Humans are still better than today’s AI systems at describing and interpreting social interactions unfolding in moving scenes—an ability considered crucial for self-driving cars, assistive robots, and other technologies that must operate safely around people.
New research led by scientists at Johns Hopkins University suggests that many artificial intelligence models struggle to grasp the social dynamics and contextual cues that humans use automatically. The team argues that the limitations may be rooted in how these systems are built, not just in the amount of data they have seen.
“AI for a self-driving car, for example, would need to recognize the intentions, goals, and actions of human drivers and pedestrians,” said lead author Leyla Isik, an assistant professor of cognitive science at Johns Hopkins. “You would want it to know which way a pedestrian is about to start walking, or whether two people are in conversation versus about to cross the street. Any time you want an AI to interact with humans, you want it to be able to recognize what people are doing—and this shows these systems can’t right now.”
Co-first author Kathy Garcia, who worked in Isik’s lab during the study, is set to present the findings at the International Conference on Learning Representations on April 24.
To compare AI performance with human perception, researchers asked participants to watch three-second video clips and rate features that matter for understanding social situations on a scale from one to five. The clips showed people interacting with each other, doing activities side by side, or acting independently.
The team then tested more than 350 AI models across language, video, and image categories. The models were asked to predict how humans would rate the clips and how human brain activity would respond while watching them. For large language models, the researchers provided short, human-written captions describing the videos.
Overall, human participants largely agreed with one another across the questions. The AI systems did not—regardless of model size or training data. Video models often failed to accurately describe what people were doing, while image models given sequences of still frames could not reliably determine whether people were communicating. The researchers also found a split in strengths: language models were better at predicting human judgments, while video models more closely matched patterns of neural activity.
The findings stand in contrast to AI’s strong performance on still-image tasks, the researchers noted.

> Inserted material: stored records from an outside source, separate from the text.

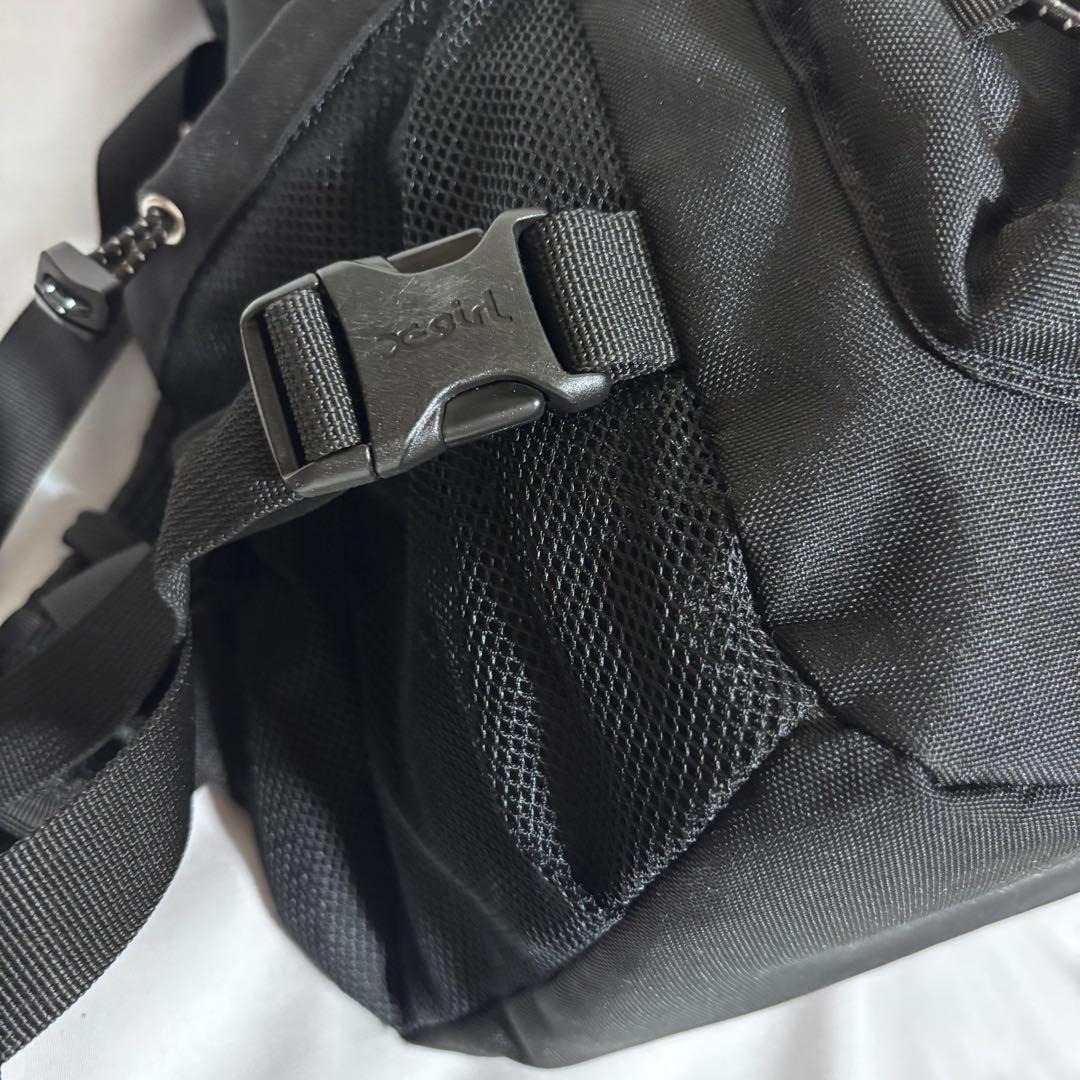 X-girl エックスガール　ブラックリュック　通学　通勤リュック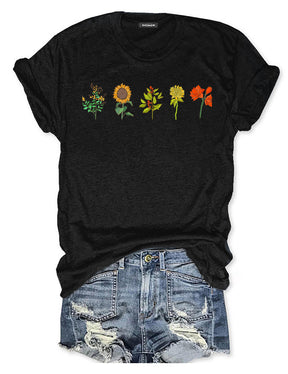 Boho Sunflower T-shirt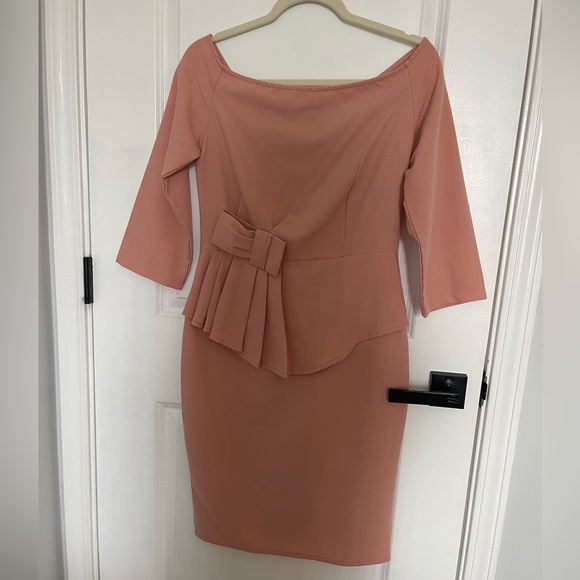 Deirdre Salmon Midi Dress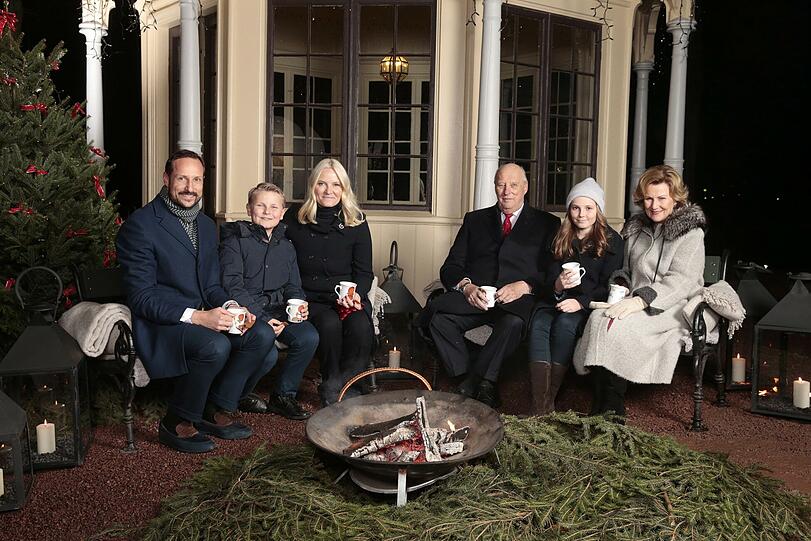 Die norwegische Königsfamilie.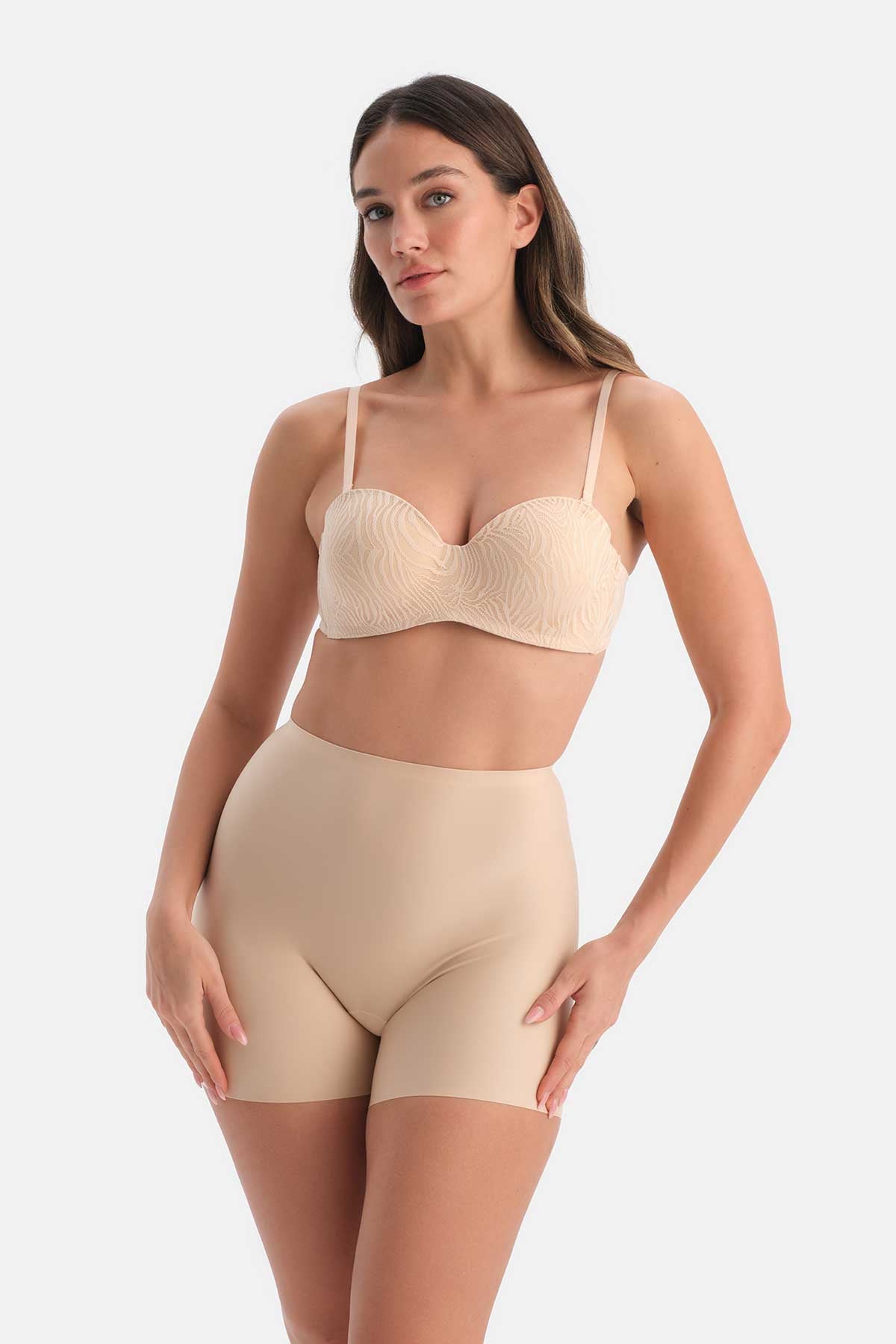 Ten 4041KC Lıght Şekillendirici Mıdı Şort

“It’s not enough to just see an image and recognize objects and faces. That was the first step, which took us a long way in AI,” Garcia said. “But real life isn’t static. We need AI to understand the story that is unfolding in a scene. Understanding relationships, context, and the dynamics of social interactions is the next step, and this research suggests there might be a blind spot in AI model development.”
One possible explanation, the team said, is that many neural networks were inspired by brain systems that process static images—while the brain regions that interpret dynamic social scenes work differently.
“The big takeaway is none of the AI models can match human brain and behavior responses to scenes across the board, like they do for static scenes,” Isik said. “There’s something fundamental about the way humans are processing scenes that these models are missing.”